♟️ AlphaGo, AlphaGo Zero, and AlphaZero - Deep Reinforcement Learning Meets Search
This blog explores the structure and training process of AlphaGo and its successors, AlphaGo Zero and AlphaZero, illustrating how deep reinforcement learning and search are combined to achieve superhuman performance in complex board games.
🧩 1. Introduction and Go Game Complexity
-
Game Description:
Go is played on a 19×19 grid with 361 points.
A game state $s$ represents the arrangement of black, white, and empty intersections. -
State Representation:
A simplified state can be modeled as a tensor $19 \times 19 \times 2$ — one plane for black stones, one for white.
The original AlphaGo used $19 \times 19 \times 48$ feature planes to encode richer context (e.g., liberties, ko, move history). -
Action Space:
Each move corresponds to placing a stone on an empty intersection.
\(\mathcal{A} = \{1, 2, 3, \dots, 361\}\) The “pass” move is also a valid action. -
Complexity:
The number of possible Go game sequences is on the order of $10^{170}$— vastly greater than Chess ($\sim 10^{47}$), making brute-force search infeasible.
Game State-Space Complexity Game-Tree Complexity Chess $\sim 10^{43}$ $\sim 10^{120}$ Go (19 X 19) $\sim 10^{170}$–$10^{180}$ $\sim 10^{360}$ Checkers $\sim 10^{20}$ $\sim 10^{40}$
🧠 2. AlphaGo Training Strategy (High-Level)

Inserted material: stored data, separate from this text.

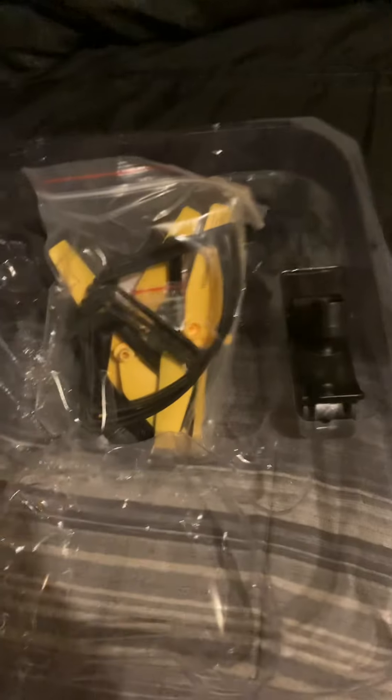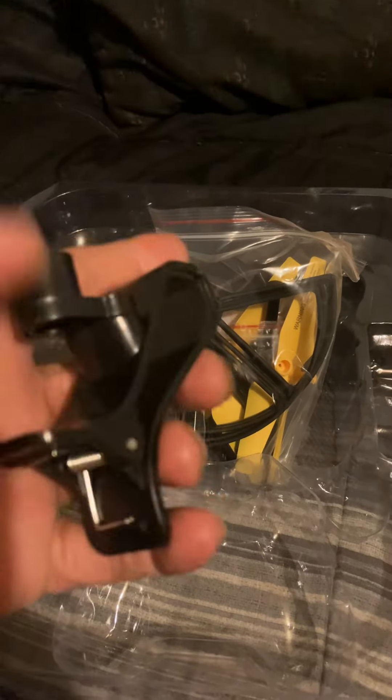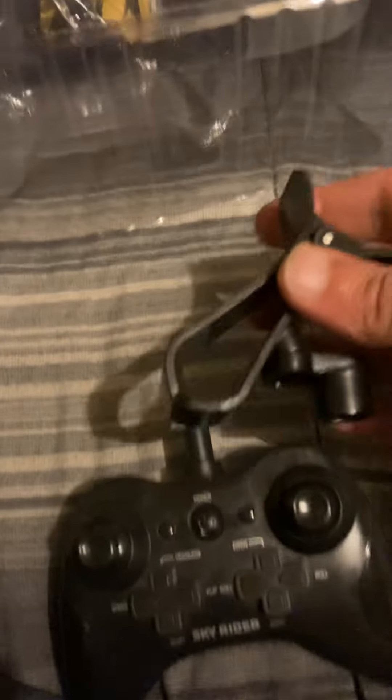Wait a minute mom, I'm making a video, hold on. Oh, this is the phone clip here y'all. So this will go like this — that's how that would go.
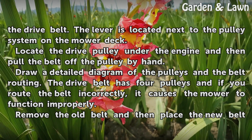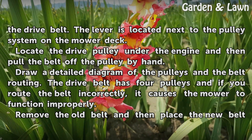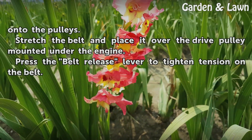Draw a detailed diagram of the pulleys and the belt routing. The drive belt has four pulleys, and if you route the belt incorrectly, it causes the mower to function improperly. Remove the old belt and then place the new belt onto the pulleys.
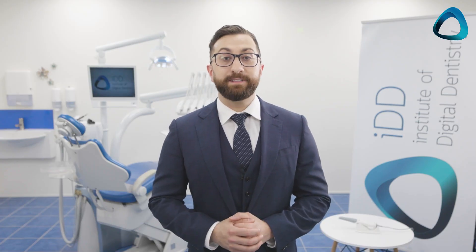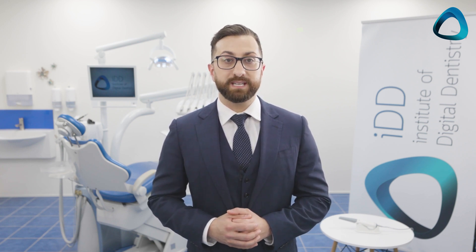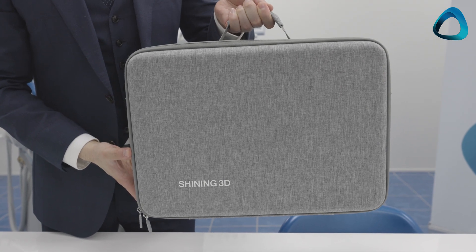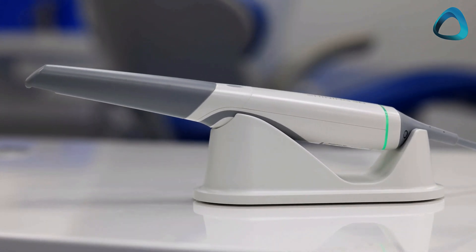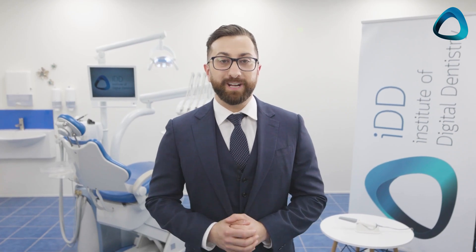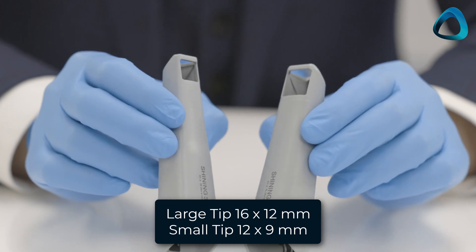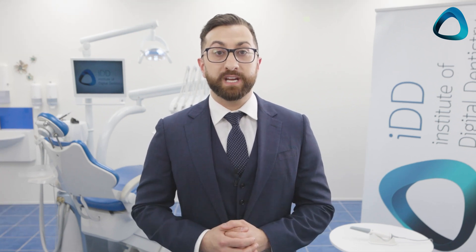But what about the scanner itself? Is it a quality product? Well, that is one thing that surprised me. I have tested many affordable scanners and found that often they feel like cheap plastic or are generally not presented well. With the Shining3D Aural Scan3, that wasn't the case. As you can see, it comes in a nice-looking travel case and the scanner generally has excellent build quality with seamless joints and solid-feeling plastic. The scanner also comes with two scanning tips — adult and child sized — with a 16x12mm field of view and a 12x9mm field of view for small mouths and hard-to-reach places. Each tip can be autoclaved up to 100 times.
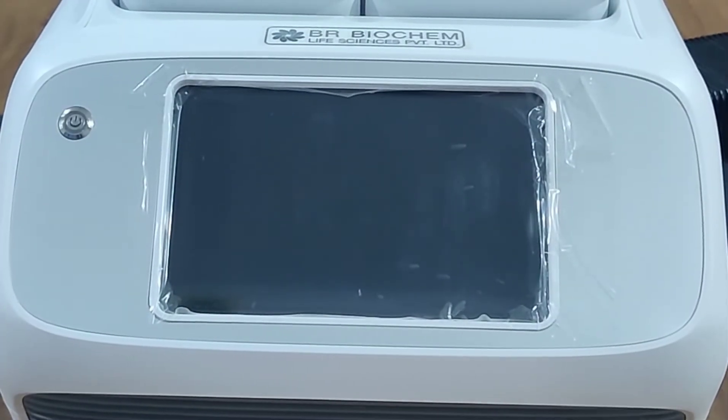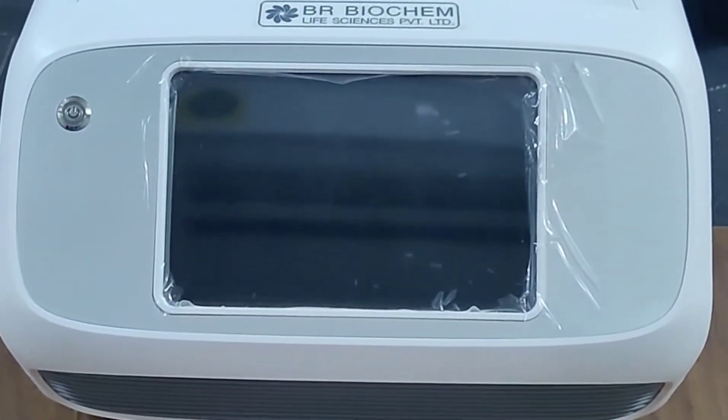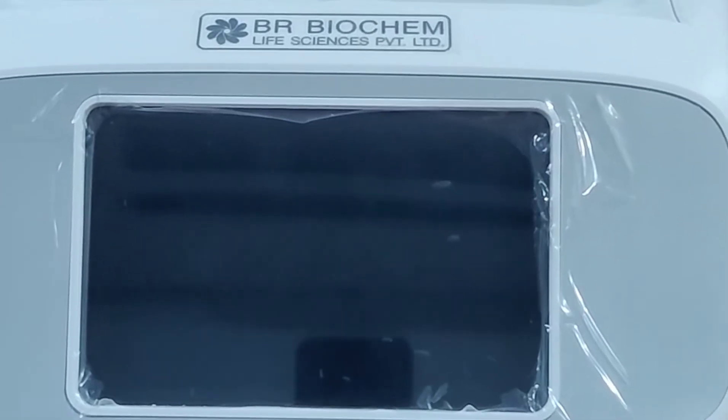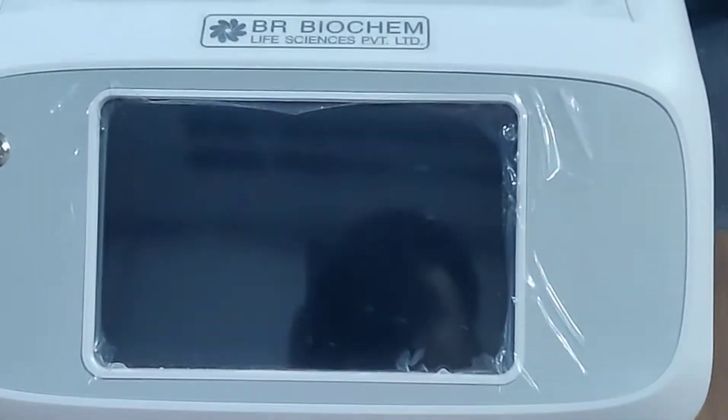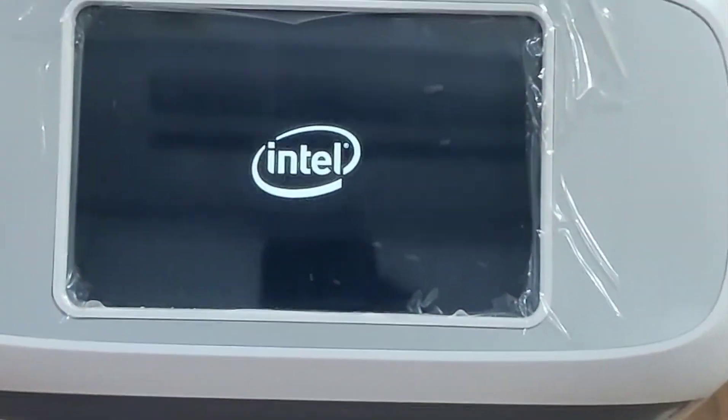Welcome to BR Biochem Life Sciences Private Limited. Today we discuss the RT-PCR machine. As you can see in this video, this is our RT-PCR machine of 16 wells. By pressing this key, you can start your RT-PCR machine.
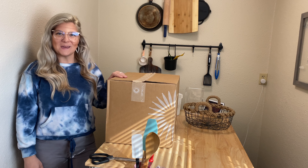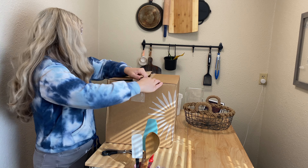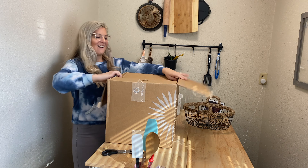Alright guys, my Optavia box finally came in. I'm just going to open this box and go over everything that's inside of it. It feels like Christmas! I got everything out of the box and I put everything together based on what it was.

AlphaGo’s training involves three key stages:
-
Supervised Learning (Behavior Cloning):
Train an initial policy network to imitate human expert moves. -
Reinforcement Learning (Self-Play Policy Gradient):
Refine the policy network by playing against itself. -
Value Network Training:
Train a value network to predict the win probability of a given state.
During play, Monte Carlo Tree Search (MCTS) combines the policy and value networks to choose moves.

🏗️ 3. Policy and Value Network Architecture
- Input Representation:
For AlphaGo Zero, input is a $19 \times 19 \times 17$ tensor:- 8 planes for black’s last 8 moves
- 8 planes for white’s last 8 moves
- 1 plane indicating whose turn it is
-
Policy Network Output:
$\pi(a \mid s; \theta)$
Outputs a probability distribution over all legal actions via Softmax:
\(\sum_{a \in \mathcal{A}} \pi(a \mid s; \theta) = 1\) - Value Network Output:
$v(s; w) \in [-1, 1]$
A scalar estimating the expected game outcome (win = +1, loss = −1).
Often, the policy and value heads share convolutional layers.
🧍♂️ 4. Training Step 1 — Behavior Cloning (Imitation Learning)

- Goal: Initialize a policy network to imitate human expert moves.
- Method: Treat the problem as multi-class classification (361 possible moves).
- Observe a state $s_t$ from human games.
- Predict action distribution $p_t = \pi(\cdot \mid s_t; \theta)$.
- True label $y_t$ = one-hot vector of human move $a_t^\ast$.
- Minimize Cross-Entropy Loss:
\(L = -\sum_{a \in \mathcal{A}} y_t(a) \, \log p_t(a)\)
- Limitation:
When the model encounters unseen states, it performs poorly — hence the need for self-play reinforcement learning to generalize beyond human data.
⚙️ 5. Training Step 2 — Policy Gradient (Self-Play RL)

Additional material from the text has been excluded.